A general comment: the overall impression I get -- and please correct me if I've misunderstood you -- from the position that you and Tom Hoopes take is that the laity has no business questioning its ecclesiastical betters. That God has sent us our bishops, and whatever they do, or fail to do, is to be accepted without protest as His will. To stand up and say, "Hey, I'm tired of having a bishop who tolerates pedophile priests, and lies about it in public; we don't deserve this!" -- to say that is to deny Christ at some level. The implication of this is that the victims at some level deserved what they got; after all, it was God's will, because Bishop X. knew what Fr. Y. was doing, and allowed him to continue. You should realize that this is precisely what many abusive priests told their child victims: Don't tell, or you'll make God mad and go to Hell." Is there any wonder that victims feel victimized again?
I tell you, Father, if y'all keep this business up of talking down loyal orthodox Catholics who protest in good faith the way the Pope and the bishops have handled this, by saying that we're "not thinking with Tradition," and so forth, you're going to convince people that you're right. They will think: Does Catholic tradition require my silence and acquiescence in the face of evil like child rape? How could the Church of Jesus Christ make such a wicked demand of me? Maybe the Catholic Church isn't what it claims to be at all. Maybe the Orthodox, or the Protestants, are right. And then we lose them.
I ask you to consider that you cannot have the kind of stories that we've had for the past eight months, and which we are going to be getting for the foreseeable future, without calling up a terrible reaction from good Catholics. Invoking mystical abstractions to counter revelations of priests committing grotesquely cruel forms of sexual abuse will mean less than nothing. Good Catholic mothers and fathers will not sacrifice their children upon the altar of clericalism. I commend to you and St. Blogs the final analysis historian Barbara Tuchman gave, in The March of Folly, summing up why the folly of six Renaissance popes led to the Reformation. I think there are lessons there for us all:
The folly of the popes was not pursuit of counter-productive policy so much as rejection of any steady or coherent policy either political or religious that would have improved their situation or arrested the rising discontent. Disregard of the movements and sentiments developing around them was a primary folly.

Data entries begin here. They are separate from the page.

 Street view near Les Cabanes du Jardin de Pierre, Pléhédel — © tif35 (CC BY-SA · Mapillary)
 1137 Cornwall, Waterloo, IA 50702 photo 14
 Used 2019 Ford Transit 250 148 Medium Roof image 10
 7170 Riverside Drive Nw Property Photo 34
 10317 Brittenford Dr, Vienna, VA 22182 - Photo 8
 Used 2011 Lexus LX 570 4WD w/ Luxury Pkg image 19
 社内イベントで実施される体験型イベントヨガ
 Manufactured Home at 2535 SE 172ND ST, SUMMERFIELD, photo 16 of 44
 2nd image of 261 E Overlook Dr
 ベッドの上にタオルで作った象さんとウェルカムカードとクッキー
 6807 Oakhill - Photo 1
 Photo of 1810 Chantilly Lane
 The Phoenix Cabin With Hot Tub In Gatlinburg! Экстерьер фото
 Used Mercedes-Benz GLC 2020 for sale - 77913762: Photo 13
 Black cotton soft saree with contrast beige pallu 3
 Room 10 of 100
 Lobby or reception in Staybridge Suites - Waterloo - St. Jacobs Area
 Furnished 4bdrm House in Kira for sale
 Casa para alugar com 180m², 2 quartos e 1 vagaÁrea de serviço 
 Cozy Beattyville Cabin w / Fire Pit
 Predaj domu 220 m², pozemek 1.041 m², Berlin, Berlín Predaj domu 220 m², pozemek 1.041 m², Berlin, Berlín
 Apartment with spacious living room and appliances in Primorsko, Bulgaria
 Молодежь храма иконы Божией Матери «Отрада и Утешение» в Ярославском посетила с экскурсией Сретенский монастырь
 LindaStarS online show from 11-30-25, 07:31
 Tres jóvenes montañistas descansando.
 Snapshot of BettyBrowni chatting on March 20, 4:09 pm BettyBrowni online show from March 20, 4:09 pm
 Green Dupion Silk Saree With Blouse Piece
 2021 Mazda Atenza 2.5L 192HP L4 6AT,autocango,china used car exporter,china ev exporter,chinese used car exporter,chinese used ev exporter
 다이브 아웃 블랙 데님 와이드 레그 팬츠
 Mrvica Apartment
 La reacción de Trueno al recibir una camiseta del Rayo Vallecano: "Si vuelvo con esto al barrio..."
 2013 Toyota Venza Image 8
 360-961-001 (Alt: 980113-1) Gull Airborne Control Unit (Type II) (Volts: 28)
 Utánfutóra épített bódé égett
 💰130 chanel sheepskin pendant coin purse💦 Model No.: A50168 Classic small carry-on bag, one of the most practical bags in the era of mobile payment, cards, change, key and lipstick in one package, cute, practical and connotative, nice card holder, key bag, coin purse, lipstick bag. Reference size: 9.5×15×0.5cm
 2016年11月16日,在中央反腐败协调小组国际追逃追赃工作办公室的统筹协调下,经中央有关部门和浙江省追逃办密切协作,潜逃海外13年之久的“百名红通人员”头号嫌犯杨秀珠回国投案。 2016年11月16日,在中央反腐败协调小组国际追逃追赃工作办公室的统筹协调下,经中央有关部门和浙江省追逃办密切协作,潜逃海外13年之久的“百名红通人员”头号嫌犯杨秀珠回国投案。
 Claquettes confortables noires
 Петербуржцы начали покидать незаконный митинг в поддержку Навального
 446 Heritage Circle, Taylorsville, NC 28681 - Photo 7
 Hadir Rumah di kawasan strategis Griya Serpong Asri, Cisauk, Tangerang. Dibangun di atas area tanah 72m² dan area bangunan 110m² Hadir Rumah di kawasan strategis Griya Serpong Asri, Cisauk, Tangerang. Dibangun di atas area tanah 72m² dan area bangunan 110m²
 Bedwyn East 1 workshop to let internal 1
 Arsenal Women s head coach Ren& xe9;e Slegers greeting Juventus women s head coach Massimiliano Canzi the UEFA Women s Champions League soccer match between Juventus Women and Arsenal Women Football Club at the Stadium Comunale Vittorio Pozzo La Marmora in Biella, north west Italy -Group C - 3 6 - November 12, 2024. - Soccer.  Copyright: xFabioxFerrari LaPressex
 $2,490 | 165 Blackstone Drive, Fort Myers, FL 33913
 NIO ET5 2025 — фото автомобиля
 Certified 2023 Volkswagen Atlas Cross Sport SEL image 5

They were deaf to disaffeciton, blind to the alternative ideas it gave rise to, blandly impervious to challenge, unconcerned by the dismay at their misconduct and the rising wrath at their misgovernment, fixed in refusal to change, almost stupidly stubborn in maintaining a corrupt existing system. They could not change it because they were part of it, grew out of it, depended on it. ...Their [the six popes] three outstanding attitudes -- obliviousness to the growing disaffection of constituents, primacy of self-aggrandizement, illusion of invulnerable status -- are persistent aspects of folly.
Is this the "Tradition" you and Tom, and those who reject my viewpoint as insufficiently Catholic, insist that we all think with? I fear it is.
In any case, my words have been tough, but charitable I hope, and I appreciate you lending me your blog to respond to your tough but charitable attack on my position.